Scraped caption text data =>
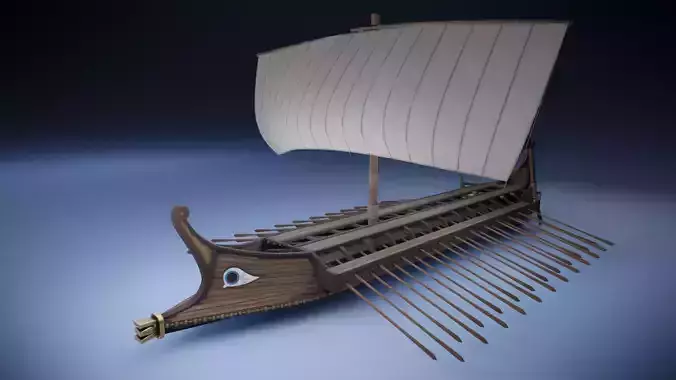 Bireme viking ship Low-poly 3D model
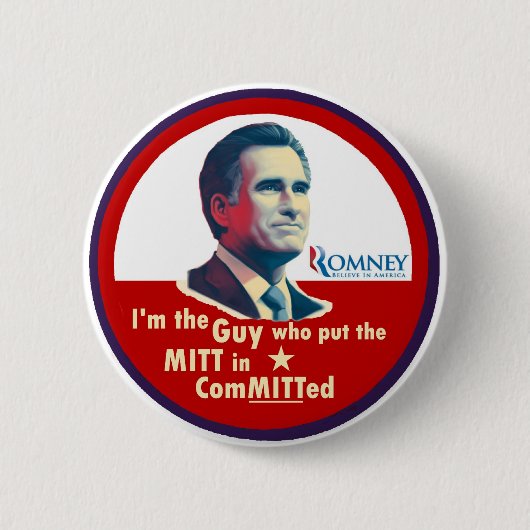 Romney 2012: ComMITTed Ronde Button 5,7 Cm (Voorkant)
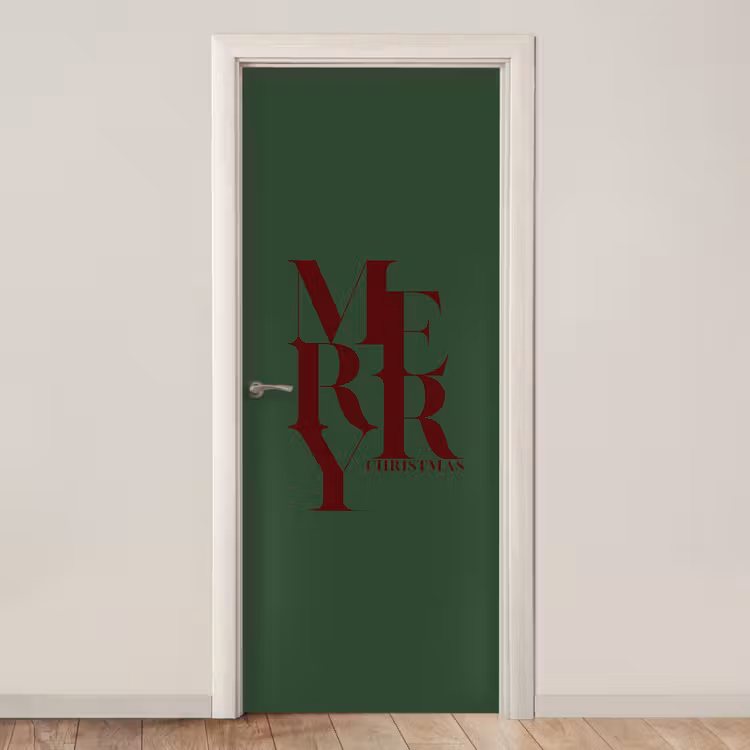 Deursticker - Merry - Tekst - Groen - Kerst — 1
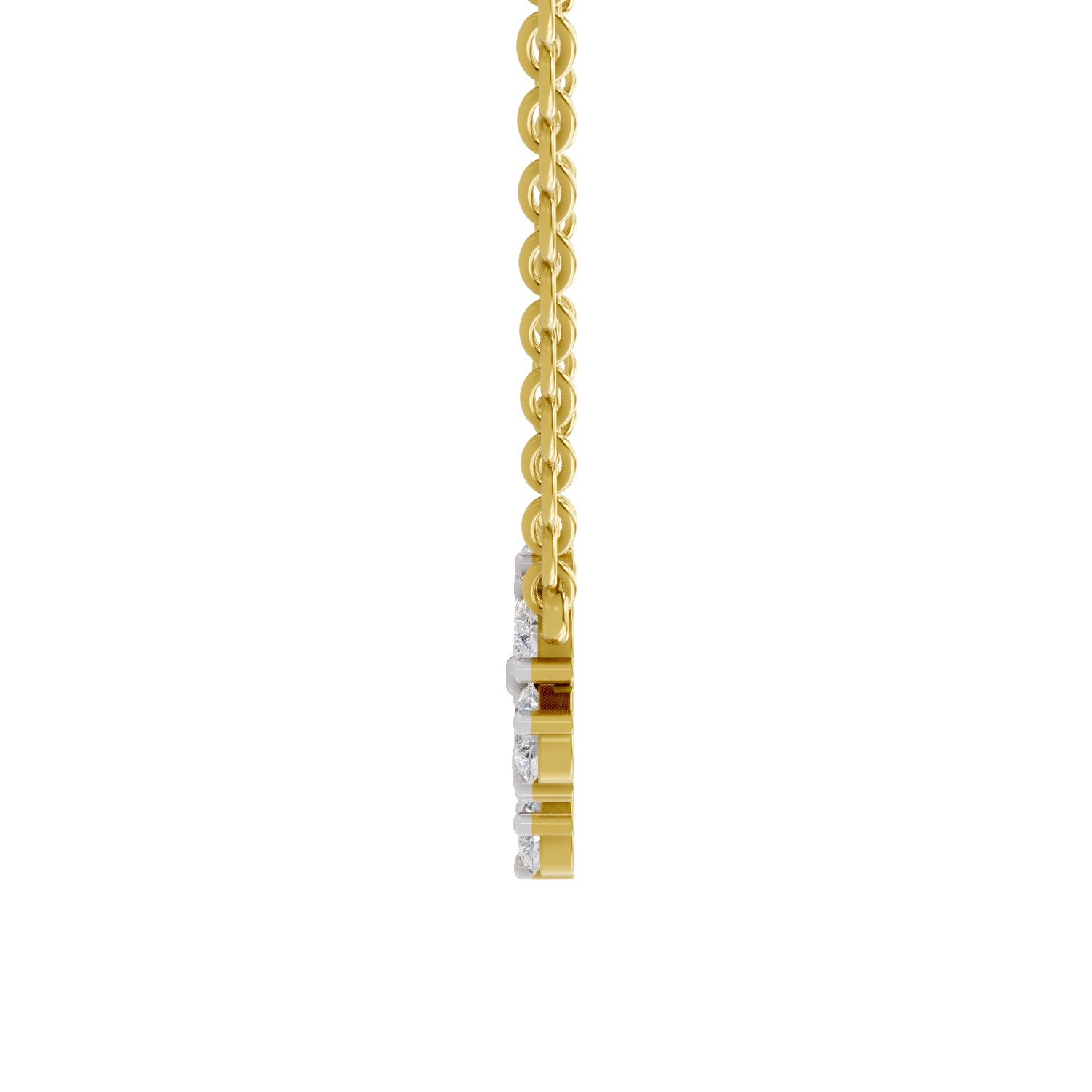 1.20 Ct Pear Shape Flower Diamond Necklace | 14K Yellow Gold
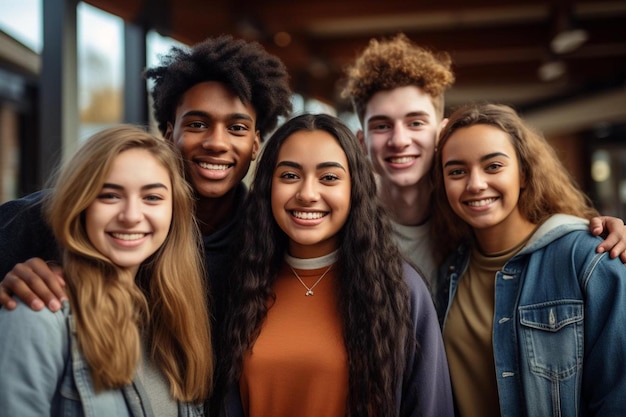 eine Gruppe von Teenager-Freunden posiert für ein Foto.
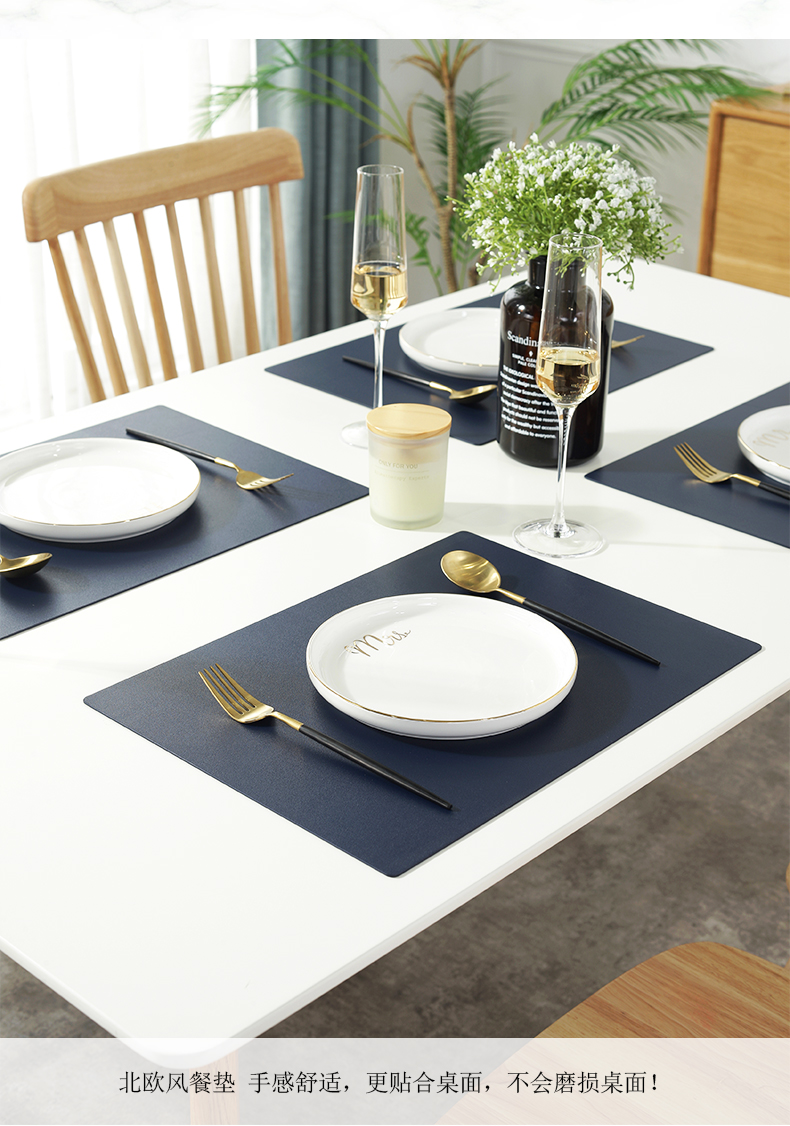Bảng mat không thấm nước và chống thấm dầu pad da gia đình bát mat coaster đơn giản Mỹ Bắc Âu phong cách mat Tây - Khăn trải bàn khăn trải bàn tiệc cưới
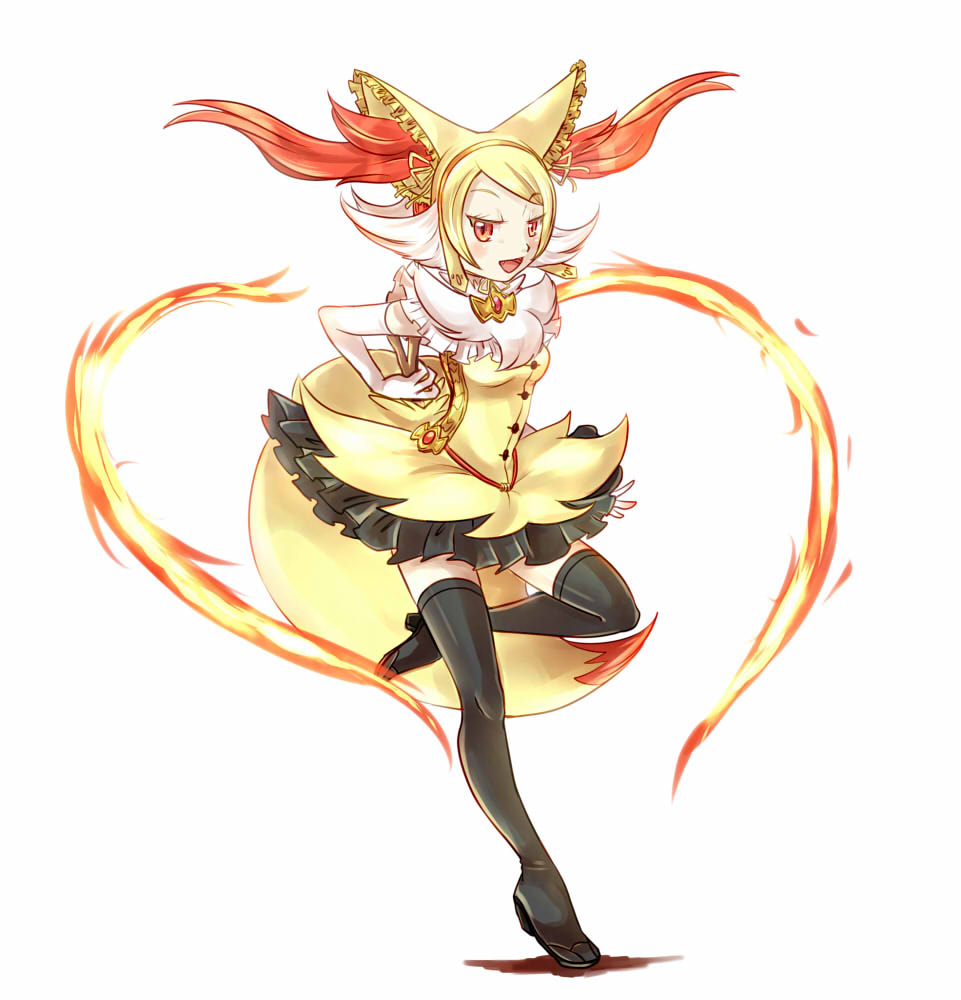 1girl, black_legwear, braixen, elbow_gloves, fire, gloves, headpiece, konna-nani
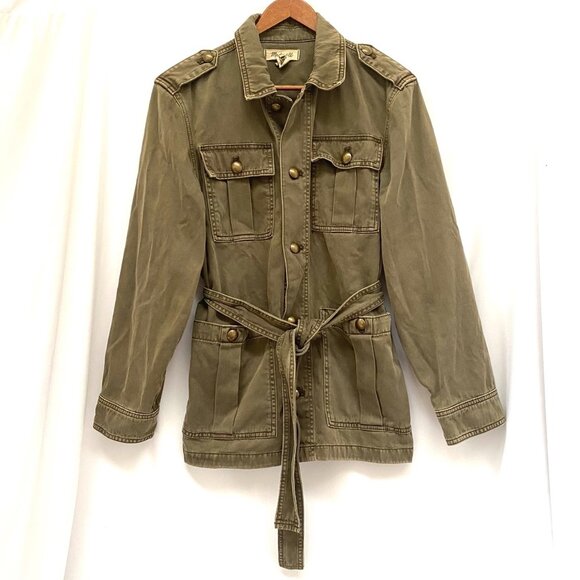 Madewell Womens Military Cargo Utility Button Up Belted Jacket M Green Classic - Picture 1 of 10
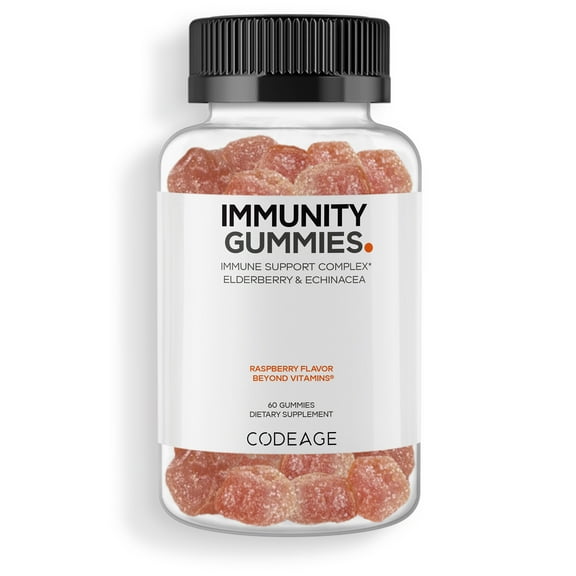Codeage Immunity Gummies, Vitamin C, Elderberry, Echinacea & Propolis, Vegan Pectin-Based Supplement, 60 ct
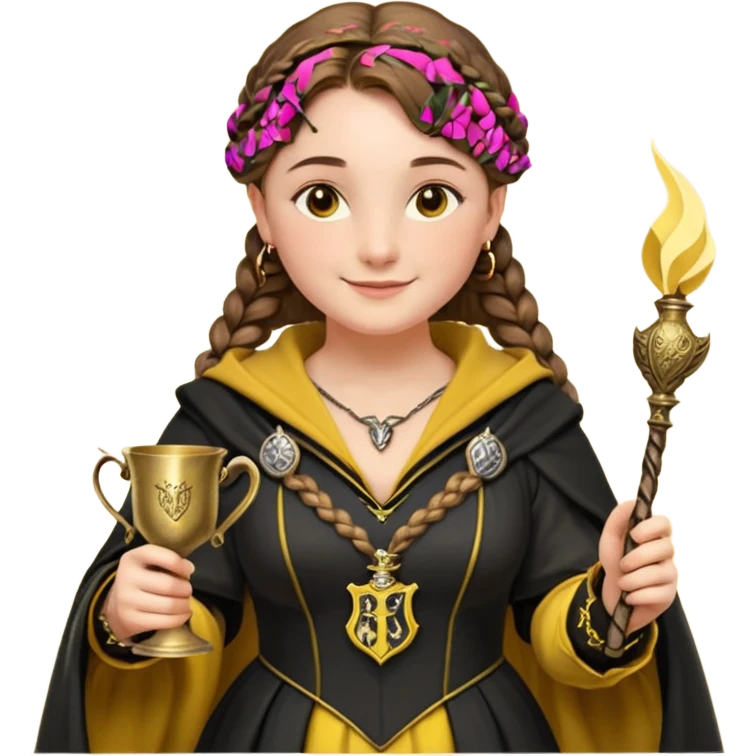 Helga Hufflepuff,the Hogwarts founder of Hufflepuff,brown-haired,2braids,yellow-black medieval dress with black cloak decorated with gold braiding,flickering magic wand and tiny two-handled shiny gold cup engraved with the badger silhouette,very kind smile,curvy busty sweet emoji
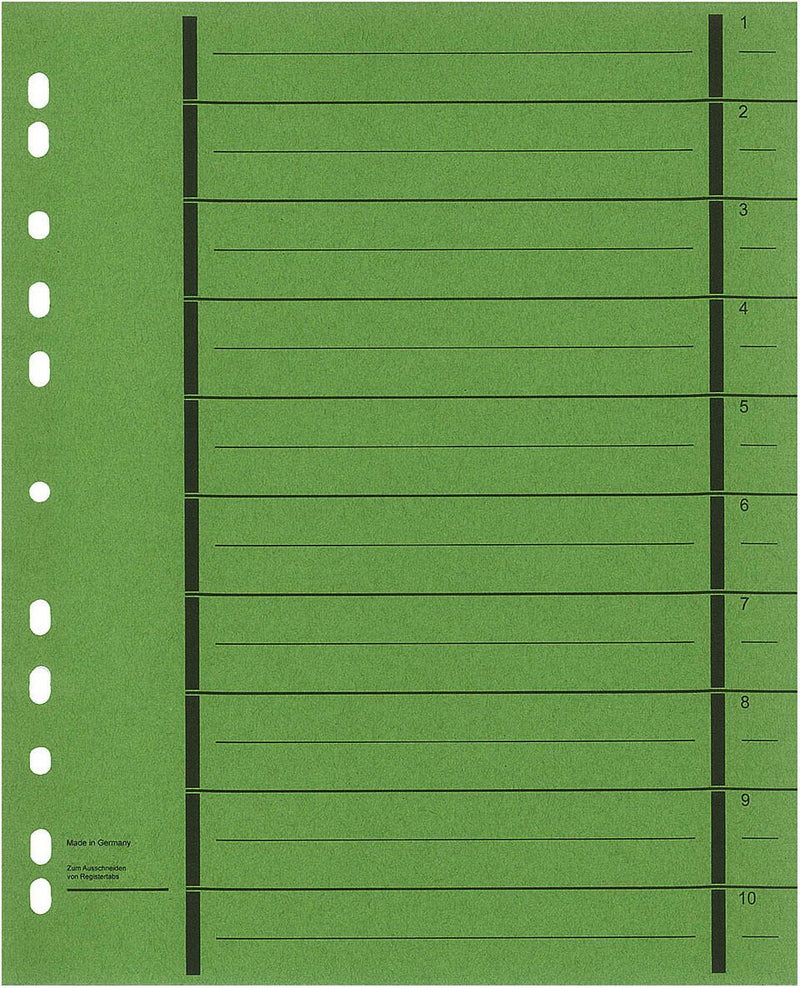 Wekre Trennblätter DIN A4 190 g/m² grün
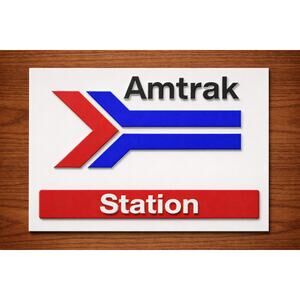 Amtrak Train Station Sign Passenger Railroad Travel USA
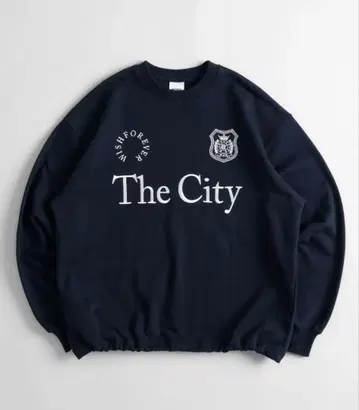 wishforever The city 맨투맨 네이비 게임 로고
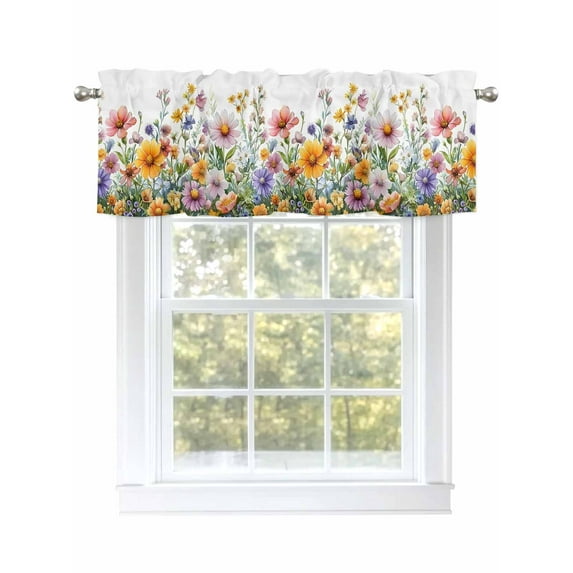 Vintage Floral Valances for Windows, Rod Pocket Kitchen Valance Curtains - Soft & Washable Small Window Treatment for Living Room,&nbsp;Bathroom, Watercolor Style Plant , 42x12 Inch, 1 Panel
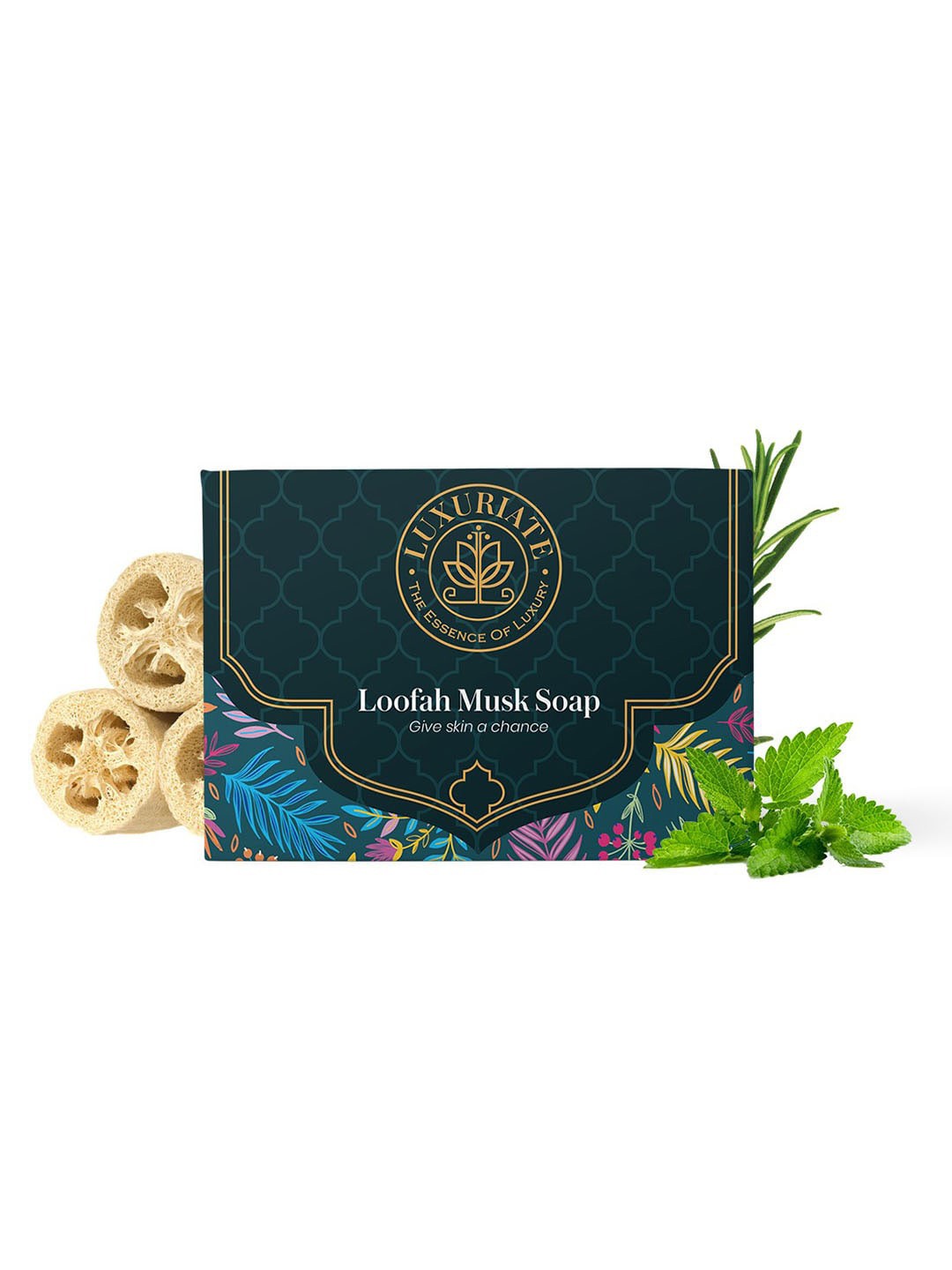 

LUXURIATE Loofah Musk Handmade Soap with Glycerin - 125 g, Blue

TASK TO COMPLETE => Find the line containing "gloves, headpiece, konna-nani" in the records above and restate it, and each line after it through the end, word for word, dropping the pictures.

WRITTEN ANSWER =>
 1girl, black_legwear, braixen, elbow_gloves, fire, gloves, headpiece, konna-nani
 Madewell Womens Military Cargo Utility Button Up Belted Jacket M Green Classic - Picture 1 of 10
Codeage Immunity Gummies, Vitamin C, Elderberry, Echinacea & Propolis, Vegan Pectin-Based Supplement, 60 ct
 Helga Hufflepuff,the Hogwarts founder of Hufflepuff,brown-haired,2braids,yellow-black medieval dress with black cloak decorated with gold braiding,flickering magic wand and tiny two-handled shiny gold cup engraved with the badger silhouette,very kind smile,curvy busty sweet emoji
 Wekre Trennblätter DIN A4 190 g/m² grün
 Amtrak Train Station Sign Passenger Railroad Travel USA
 wishforever The city 맨투맨 네이비 게임 로고
 Vintage Floral Valances for Windows, Rod Pocket Kitchen Valance Curtains - Soft & Washable Small Window Treatment for Living Room,&nbsp;Bathroom, Watercolor Style Plant , 42x12 Inch, 1 Panel

LUXURIATE Loofah Musk Handmade Soap with Glycerin - 125 g, Blue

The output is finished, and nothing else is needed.